Doctor Who: Kill the Moon Review

Posted on Oct 4, 2014


Doctor Who - Kill the Moon Picture courtesy of

Doctor Who – Kill the Moon
Picture courtesy of

I have been dreading this episode when a clip was shown with huge red spiders in it. I am not good with all things creepy crawlie and was actually considering NOT watching this one, but true to how this new Doctor Who regeneration is going, I felt I was that small kid again hiding behind a cushion with one eye peeking from behind it.

This was the way Doctor Who was when I was a kid and this is the way it has become again, back to its unique British best. It is going back to the Hammer Films genre that made it popular and becoming dark and even more eccentric than ever before. I love it for doing so.

Written by Peter Harness and directed by Paul Wilmshurst, this episode begins with Clara and Courtney calling for help from a moon-base in 2049 saying that the Doctor isn’t there to help and may not be around anymore.

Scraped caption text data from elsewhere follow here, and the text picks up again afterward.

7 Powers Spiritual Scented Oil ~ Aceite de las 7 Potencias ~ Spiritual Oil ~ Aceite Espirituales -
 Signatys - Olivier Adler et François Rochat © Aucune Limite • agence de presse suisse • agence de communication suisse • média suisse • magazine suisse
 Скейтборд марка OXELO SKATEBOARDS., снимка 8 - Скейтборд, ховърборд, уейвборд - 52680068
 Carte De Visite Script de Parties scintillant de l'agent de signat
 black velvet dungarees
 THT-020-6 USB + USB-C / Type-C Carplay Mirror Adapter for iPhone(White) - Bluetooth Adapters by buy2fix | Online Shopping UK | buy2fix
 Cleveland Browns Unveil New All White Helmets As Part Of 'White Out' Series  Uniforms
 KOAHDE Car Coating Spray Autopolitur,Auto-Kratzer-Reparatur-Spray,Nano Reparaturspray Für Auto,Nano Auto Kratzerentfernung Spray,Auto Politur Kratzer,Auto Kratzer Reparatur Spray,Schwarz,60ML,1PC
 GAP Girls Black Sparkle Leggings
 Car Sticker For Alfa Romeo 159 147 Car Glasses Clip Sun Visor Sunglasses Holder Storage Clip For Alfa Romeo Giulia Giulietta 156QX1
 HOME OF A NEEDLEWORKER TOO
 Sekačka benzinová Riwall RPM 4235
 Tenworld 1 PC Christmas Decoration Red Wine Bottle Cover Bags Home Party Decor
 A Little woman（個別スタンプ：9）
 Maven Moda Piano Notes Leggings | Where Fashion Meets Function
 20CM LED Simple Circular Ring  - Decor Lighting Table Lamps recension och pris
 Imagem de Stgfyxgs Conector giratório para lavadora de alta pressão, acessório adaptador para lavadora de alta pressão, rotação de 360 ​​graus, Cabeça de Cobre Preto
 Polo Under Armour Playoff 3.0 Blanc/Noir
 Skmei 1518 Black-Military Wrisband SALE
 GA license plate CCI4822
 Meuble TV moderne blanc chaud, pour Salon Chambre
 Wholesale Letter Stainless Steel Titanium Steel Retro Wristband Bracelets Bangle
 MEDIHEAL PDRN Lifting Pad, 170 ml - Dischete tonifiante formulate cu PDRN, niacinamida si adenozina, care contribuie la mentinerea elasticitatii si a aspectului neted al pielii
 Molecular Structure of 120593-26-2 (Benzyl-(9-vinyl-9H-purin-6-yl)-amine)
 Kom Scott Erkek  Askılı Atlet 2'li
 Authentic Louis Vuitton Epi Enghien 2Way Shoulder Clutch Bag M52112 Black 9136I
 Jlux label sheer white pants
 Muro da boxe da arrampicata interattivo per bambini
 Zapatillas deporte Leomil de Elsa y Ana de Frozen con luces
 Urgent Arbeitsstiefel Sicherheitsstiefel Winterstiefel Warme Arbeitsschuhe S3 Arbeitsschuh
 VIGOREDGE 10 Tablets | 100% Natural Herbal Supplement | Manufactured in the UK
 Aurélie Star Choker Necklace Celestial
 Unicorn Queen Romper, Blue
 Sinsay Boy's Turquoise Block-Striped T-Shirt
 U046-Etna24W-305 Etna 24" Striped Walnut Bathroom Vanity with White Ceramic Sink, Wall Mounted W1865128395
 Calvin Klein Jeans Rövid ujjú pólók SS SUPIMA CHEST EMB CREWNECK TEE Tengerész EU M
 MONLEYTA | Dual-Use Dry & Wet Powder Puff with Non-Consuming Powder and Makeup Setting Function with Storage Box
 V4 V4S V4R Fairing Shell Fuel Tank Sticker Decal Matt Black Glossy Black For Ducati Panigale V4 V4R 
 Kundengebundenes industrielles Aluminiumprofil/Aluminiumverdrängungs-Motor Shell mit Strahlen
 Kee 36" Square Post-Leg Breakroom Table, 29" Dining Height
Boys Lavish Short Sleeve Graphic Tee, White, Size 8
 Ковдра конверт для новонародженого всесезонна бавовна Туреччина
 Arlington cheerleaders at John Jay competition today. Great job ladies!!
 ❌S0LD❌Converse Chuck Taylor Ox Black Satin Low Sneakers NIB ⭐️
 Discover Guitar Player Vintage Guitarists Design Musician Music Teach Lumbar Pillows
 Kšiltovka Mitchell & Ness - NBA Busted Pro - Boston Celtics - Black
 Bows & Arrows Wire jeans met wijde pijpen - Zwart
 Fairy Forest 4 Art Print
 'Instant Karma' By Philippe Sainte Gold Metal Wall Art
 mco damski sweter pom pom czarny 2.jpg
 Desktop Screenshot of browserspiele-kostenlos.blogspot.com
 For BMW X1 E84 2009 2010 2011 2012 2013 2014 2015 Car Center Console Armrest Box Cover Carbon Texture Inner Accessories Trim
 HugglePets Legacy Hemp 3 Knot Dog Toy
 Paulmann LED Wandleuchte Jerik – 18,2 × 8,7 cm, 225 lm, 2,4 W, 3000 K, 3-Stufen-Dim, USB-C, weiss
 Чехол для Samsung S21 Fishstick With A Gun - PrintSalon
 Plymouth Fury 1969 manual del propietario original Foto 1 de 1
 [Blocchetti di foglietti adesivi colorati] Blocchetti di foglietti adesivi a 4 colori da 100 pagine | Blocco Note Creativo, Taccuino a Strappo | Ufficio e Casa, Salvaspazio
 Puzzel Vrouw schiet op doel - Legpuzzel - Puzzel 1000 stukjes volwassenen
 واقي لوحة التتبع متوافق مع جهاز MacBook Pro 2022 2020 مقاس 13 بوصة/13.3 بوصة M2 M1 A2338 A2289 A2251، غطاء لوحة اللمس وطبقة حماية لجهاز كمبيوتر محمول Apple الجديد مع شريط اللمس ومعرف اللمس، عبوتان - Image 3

Cue to the beginning. Clara is telling the Doctor off for not handling Courtney properly, that she’s a vulnerable teenager. He tries to pass it off only to find the troubled teenager on the Tardis and demanding an apology of sorts. Instead he takes her and Clara to the moon where they find a small band of people, led by Lundvik (Hermione Norris) on a shuttle with nuclear weapons with the moon breaking apart and faced with an impossible decision. Do they kill the moon to save humanity?

Also they are not alone…

This episode is taut and tense, the characters being pushed to their limits. The Doctor’s and Clara’s relationship is tested to the limit also as the question is asked again about the roll of his assistants and why he has them if he does not see to respect them. But he does and always has done, even when faced with difficult choices.

Kill the Moon by Stuart Manning

Kill the Moon by Stuart Manning
Twitter: @Stuart_Manning

The unique thing about Doctor Who is that it is willing to push the boundaries and ask hard questions as well as going to the dark places in our hearts and minds. This makes it unique in science fiction and that label alone does not do it justice for it crosses many genres, one of which has always been horror. Again the Hammer genre is always around in the background as would be expected from the many writers, directors and many others involved who grew up watching the Hammer films and television series. This is why it is loved the world over and always has been and hopefully will continue well into another fifty years or more.

One more thing. If you are a little squeamish about creepy crawlies, I recommend the pillow and lights on (although I watched in the dark because I am nuts)!

This series just gets better and better and the Doctor much more like a Timelord than ever before. Roll on next weeks episode Mummy on the Orient Express.